I haven’t blogged for a while, so I thought I would give you an update on my latest adventures. I’ve also decided that I will be posting one more Clipper Race blog, which will be more of a Q&A and should hopefully answer some of the many questions I’ve been asked over the last few months. Watch this space for that coming out soon. So, what have I been up to?…
South of France…
In August I returned from sailing across the North Atlantic. Finishing my 3 races, in 3rd, 3rd, and 1st place respectively. You can read all about the race in my previous Clipper Race blogs. On returning from my epic adventure, I spent two weeks in the South of France decompressing and exploring the beaches and waterways with my family. It was the perfect escape from what was quite an overwhelming feeling of returning to dry land. The Clipper Race journey coming to an end was tough and I will talk about that in my follow up Clipper Q & A blog .

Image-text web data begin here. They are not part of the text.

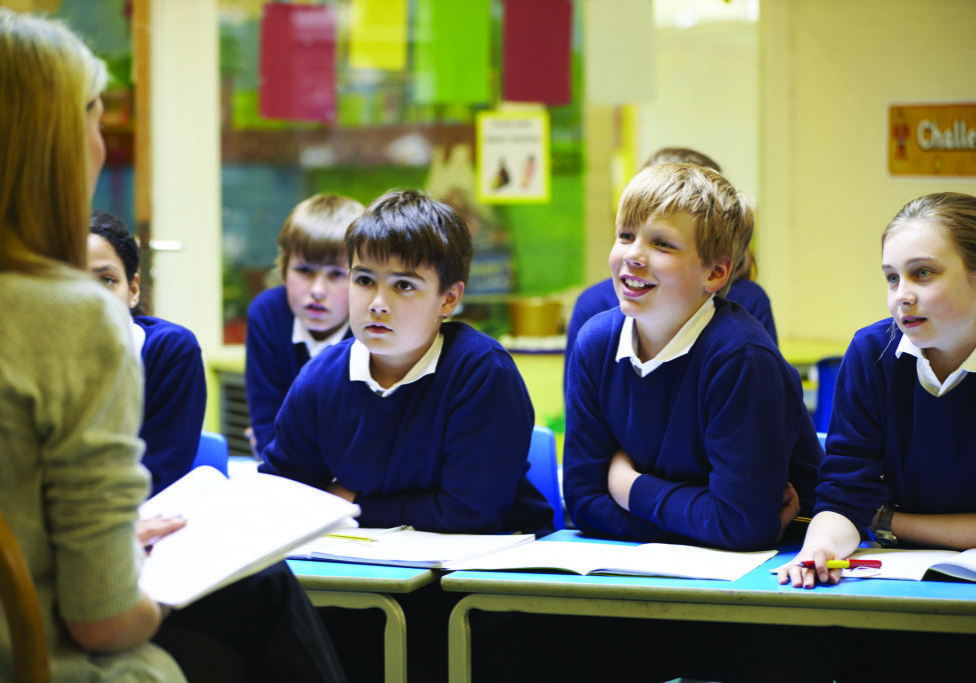 A woman is talking to school children in a classroom. The children are wearing blue uniforms and smiling.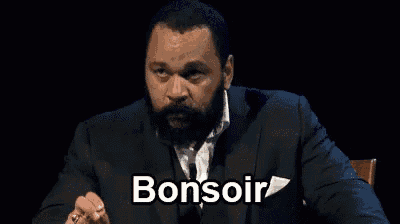 a man with a beard is wearing a suit and tie and making a funny face while talking .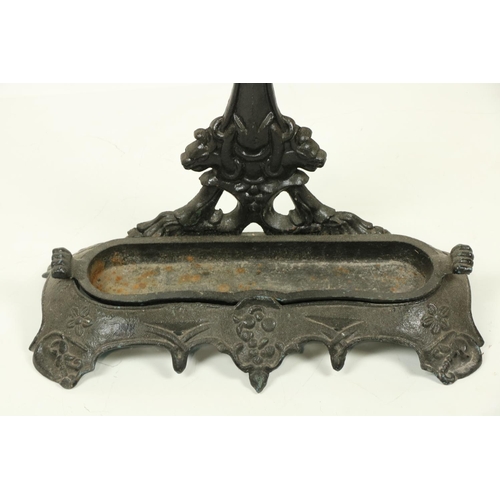 1002 - A Victorian cast iron Stick and Umbrella Stand, decorated with grapes and vine leaves on shaped base...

The beaches in the South of France never disappoint, pristine sand and blissful Mediterranean sea is almost guaranteed in the summer. I highly recommend the Port Grimaud area, and Valras-Plage. If you’re ever in that area, don’t miss out on the inland waterways too – the Rivers make for a perfect swimming spot and there are many ‘safe’ spots which are called out on local maps.

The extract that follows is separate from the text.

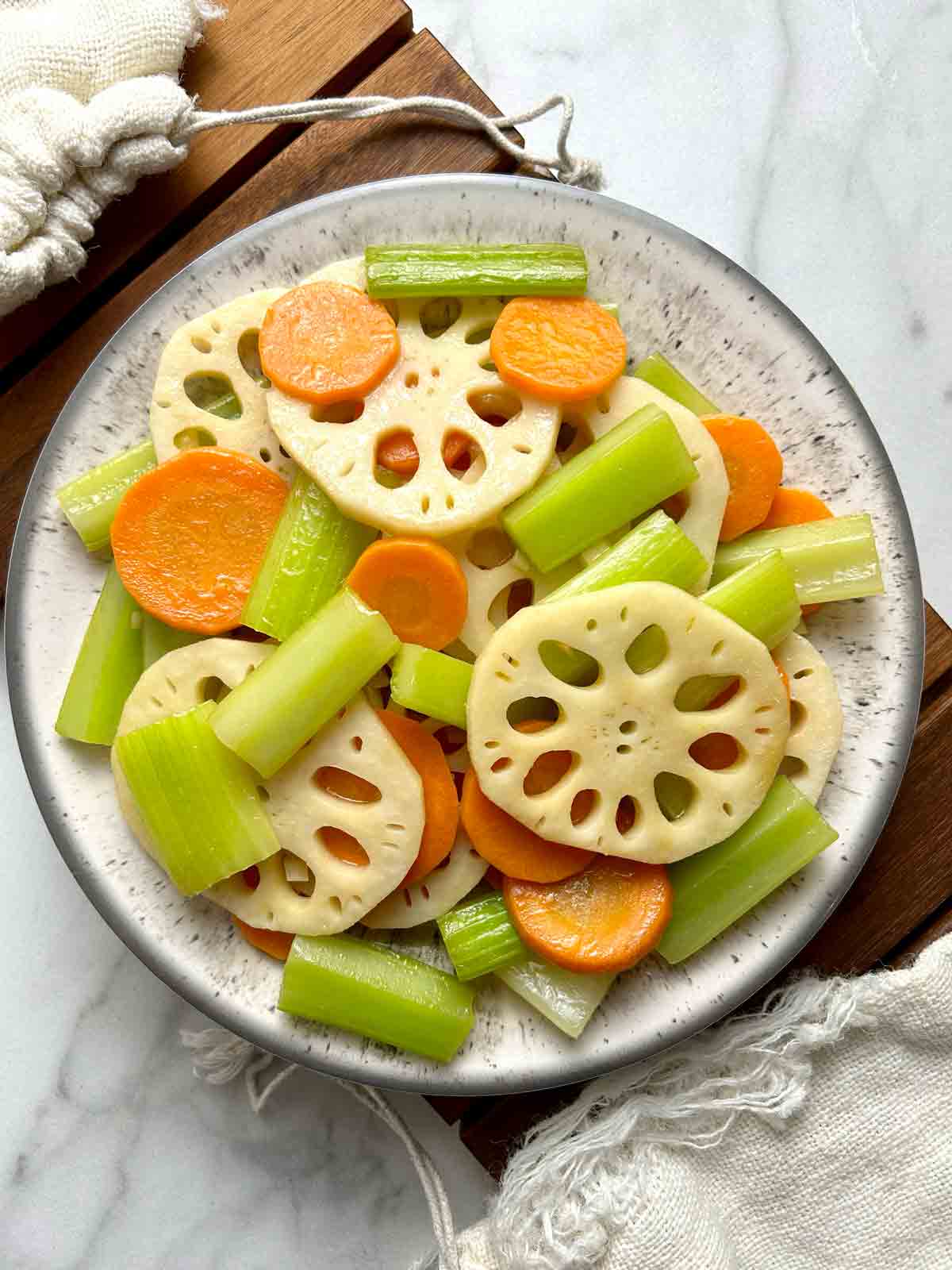 lotus root, carrot, and celery stir fry on plate.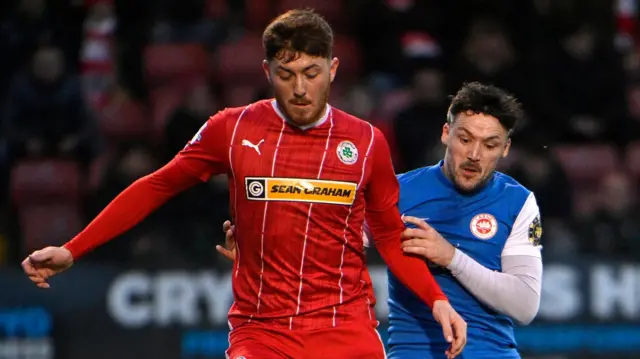 Cliftonville’s Sean Stewart in action with Larne’s Tomas Cosgrove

Seeing the state of our oceans first hand, whilst racing from New York to the UK, I was quite saddened. Floating thousands of miles offshore were helium balloons and various bits of rubbish. It wasn’t just the occasional piece of rubbish, it was continuous. I was surprised and it has made me reflect more than ever, as to the sorry state of our wonderful blue planet.
On the race, we witnessed an amazing plethora of marine creatures, from beautiful Minke Whales and Dolphins through to the seemingly helpless Portuguese Men of War. I want to do more to protect our marine life.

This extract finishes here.